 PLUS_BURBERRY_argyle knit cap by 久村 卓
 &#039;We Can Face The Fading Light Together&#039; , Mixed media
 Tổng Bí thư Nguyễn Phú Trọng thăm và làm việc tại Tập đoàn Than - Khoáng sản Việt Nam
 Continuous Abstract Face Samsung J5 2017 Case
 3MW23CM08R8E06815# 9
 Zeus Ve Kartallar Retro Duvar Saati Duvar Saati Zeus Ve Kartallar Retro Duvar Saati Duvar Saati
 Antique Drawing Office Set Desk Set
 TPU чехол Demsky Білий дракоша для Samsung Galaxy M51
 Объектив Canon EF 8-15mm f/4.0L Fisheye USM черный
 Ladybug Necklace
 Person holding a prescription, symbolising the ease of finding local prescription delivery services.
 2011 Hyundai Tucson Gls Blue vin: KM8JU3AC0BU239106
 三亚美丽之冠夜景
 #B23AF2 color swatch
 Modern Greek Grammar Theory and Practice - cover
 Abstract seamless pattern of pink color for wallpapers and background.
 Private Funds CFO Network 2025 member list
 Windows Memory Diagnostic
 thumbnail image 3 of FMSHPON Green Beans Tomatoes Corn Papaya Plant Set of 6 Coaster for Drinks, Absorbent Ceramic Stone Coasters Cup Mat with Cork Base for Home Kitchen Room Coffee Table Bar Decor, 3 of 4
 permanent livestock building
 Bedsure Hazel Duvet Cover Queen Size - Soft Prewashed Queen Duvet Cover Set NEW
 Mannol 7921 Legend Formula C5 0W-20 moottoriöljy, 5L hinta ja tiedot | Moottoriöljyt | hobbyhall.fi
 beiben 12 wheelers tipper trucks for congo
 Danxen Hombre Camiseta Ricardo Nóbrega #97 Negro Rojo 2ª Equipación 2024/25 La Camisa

_ _ _ _

Transcribe every record above exactly as it appears.

 PLUS_BURBERRY_argyle knit cap by 久村 卓
 &#039;We Can Face The Fading Light Together&#039; , Mixed media
 Tổng Bí thư Nguyễn Phú Trọng thăm và làm việc tại Tập đoàn Than - Khoáng sản Việt Nam
 Continuous Abstract Face Samsung J5 2017 Case
 3MW23CM08R8E06815# 9
 Zeus Ve Kartallar Retro Duvar Saati Duvar Saati Zeus Ve Kartallar Retro Duvar Saati Duvar Saati
 Antique Drawing Office Set Desk Set
 TPU чехол Demsky Білий дракоша для Samsung Galaxy M51
 Объектив Canon EF 8-15mm f/4.0L Fisheye USM черный
 Ladybug Necklace
 Person holding a prescription, symbolising the ease of finding local prescription delivery services.
 2011 Hyundai Tucson Gls Blue vin: KM8JU3AC0BU239106
 三亚美丽之冠夜景
 #B23AF2 color swatch
 Modern Greek Grammar Theory and Practice - cover
 Abstract seamless pattern of pink color for wallpapers and background.
 Private Funds CFO Network 2025 member list
 Windows Memory Diagnostic
 thumbnail image 3 of FMSHPON Green Beans Tomatoes Corn Papaya Plant Set of 6 Coaster for Drinks, Absorbent Ceramic Stone Coasters Cup Mat with Cork Base for Home Kitchen Room Coffee Table Bar Decor, 3 of 4
 permanent livestock building
 Bedsure Hazel Duvet Cover Queen Size - Soft Prewashed Queen Duvet Cover Set NEW
 Mannol 7921 Legend Formula C5 0W-20 moottoriöljy, 5L hinta ja tiedot | Moottoriöljyt | hobbyhall.fi
 beiben 12 wheelers tipper trucks for congo
 Danxen Hombre Camiseta Ricardo Nóbrega #97 Negro Rojo 2ª Equipación 2024/25 La Camisa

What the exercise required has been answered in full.